I spoke with two people who have extensive experience in China. Consultant Bob McIntire heads the Railway Supply Institute's Committee on International Trade. "The Chinese railroads cannot meet customer demands due to the robust economy and are short over 140,000 freight cars daily," he says. "This has prompted reform and higher capital spending." McIntire characterizes the Chinese view of the U.S. rail industry as one of high regard. "They are particularly interested in forming joint ventures and technology transfers, such as the highly successful joint venture with Meridian Rail, which has been supplying wheels and Swing Motion trucks." He describes China's rail industry as "a complex system."
A word of cautious optimism comes from Wabtec International Vice President Tim Logan, who describes China as "an emerging, slowly-changing market that until recently has been elusive due to low prices from domestic suppliers." Freight car and locomotive annual building rates are expected to be in the 15,000-20,000 and 300-500 unit ranges, respectively.
For U.S. suppliers, China's current pricing structure "is a barrier to entry," says Logan. Why? "The Ministry of Railways is still essentially a government operation that has yet to rationalize the industry." The MOR oversees two governing bodies, North LORIC and South LORIC, which assign value to various freight car components, prompting domestic suppliers to often sell at a loss. "It's tough to compete with that," says Logan.

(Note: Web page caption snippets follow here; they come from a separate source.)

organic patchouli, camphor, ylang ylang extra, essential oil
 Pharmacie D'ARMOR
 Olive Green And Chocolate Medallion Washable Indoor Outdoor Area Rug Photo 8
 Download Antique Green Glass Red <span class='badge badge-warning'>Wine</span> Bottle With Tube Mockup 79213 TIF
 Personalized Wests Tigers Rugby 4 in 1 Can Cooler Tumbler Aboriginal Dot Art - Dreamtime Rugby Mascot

Wabtec's approach to China, says Logan, has been to establish a strong local presence and invest within the market. "We cannot export," he says. Protecting intellectual property "is a challenge." But the market could change. Near-term, he says, technologies the MOR feels have "significant benefit" will be considered from non-domestic suppliers.
If you're a transit supplier, says Logan, doing business in China isn't all that different from dealing with North American transit agencies. Chinese transit systems are autonomously operated by local authorities who engage in "traditional OEM/supplier relationships." The market looks like it will support 1,500-2,000 electric multiple-units and locomotive-hauled coaches annually over the next few years. Japanese and European suppliers (like NABCO, Wabtec's Japanese affiliate) have had considerable success in China.